* **PROBLEM DESCRIPTION**
After locating "Wholesale sports water" in the listing below, copy that line and each one after it exactly, ending with the line that has "清嘉庆 粉彩西厢记人物图马蹄套杯一组五件 - 图19".

== ENTRIES PROVIDED

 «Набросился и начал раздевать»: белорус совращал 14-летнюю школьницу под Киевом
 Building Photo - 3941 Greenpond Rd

====
== ENTRIES PROVIDED

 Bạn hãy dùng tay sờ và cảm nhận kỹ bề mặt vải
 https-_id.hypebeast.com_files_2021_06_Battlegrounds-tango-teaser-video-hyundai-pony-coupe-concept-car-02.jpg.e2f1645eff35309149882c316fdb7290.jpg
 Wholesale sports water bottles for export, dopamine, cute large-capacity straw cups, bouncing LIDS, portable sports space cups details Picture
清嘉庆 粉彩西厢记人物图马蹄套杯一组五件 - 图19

====
== ENTRIES PROVIDED

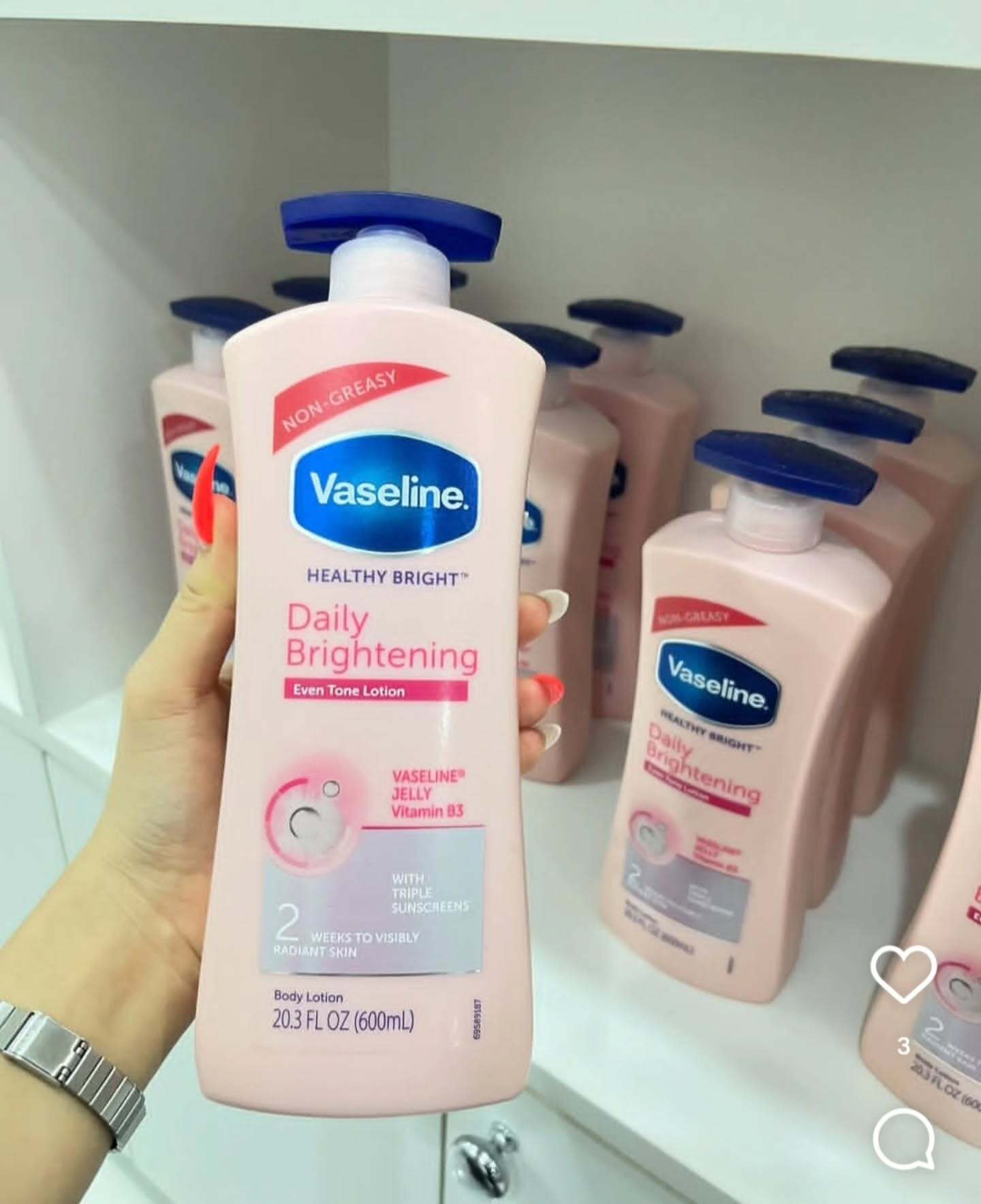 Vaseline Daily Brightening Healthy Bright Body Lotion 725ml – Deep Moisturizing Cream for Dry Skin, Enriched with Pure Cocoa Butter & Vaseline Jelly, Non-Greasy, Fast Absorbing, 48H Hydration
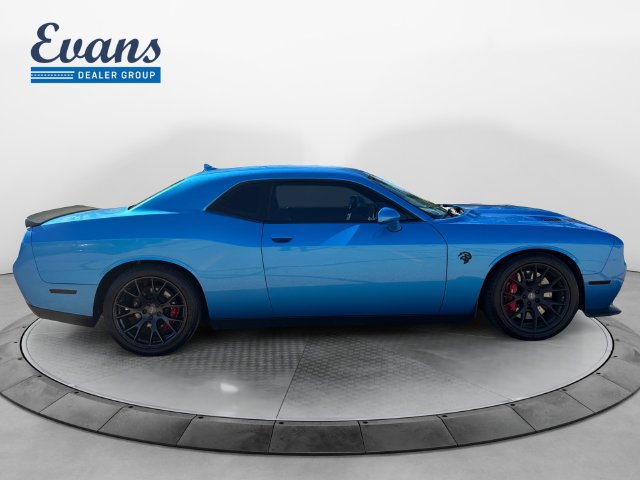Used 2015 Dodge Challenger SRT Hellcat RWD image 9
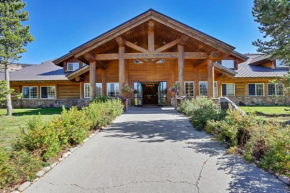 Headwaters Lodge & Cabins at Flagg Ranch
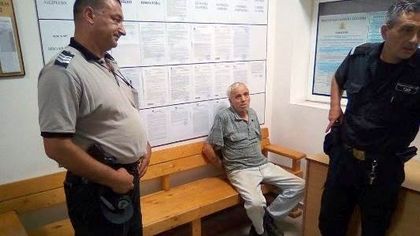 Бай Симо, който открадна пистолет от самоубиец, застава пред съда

====

* **EXERCISE OUTPUT**
 Wholesale sports water bottles for export, dopamine, cute large-capacity straw cups, bouncing LIDS, portable sports space cups details Picture
清嘉庆 粉彩西厢记人物图马蹄套杯一组五件 - 图19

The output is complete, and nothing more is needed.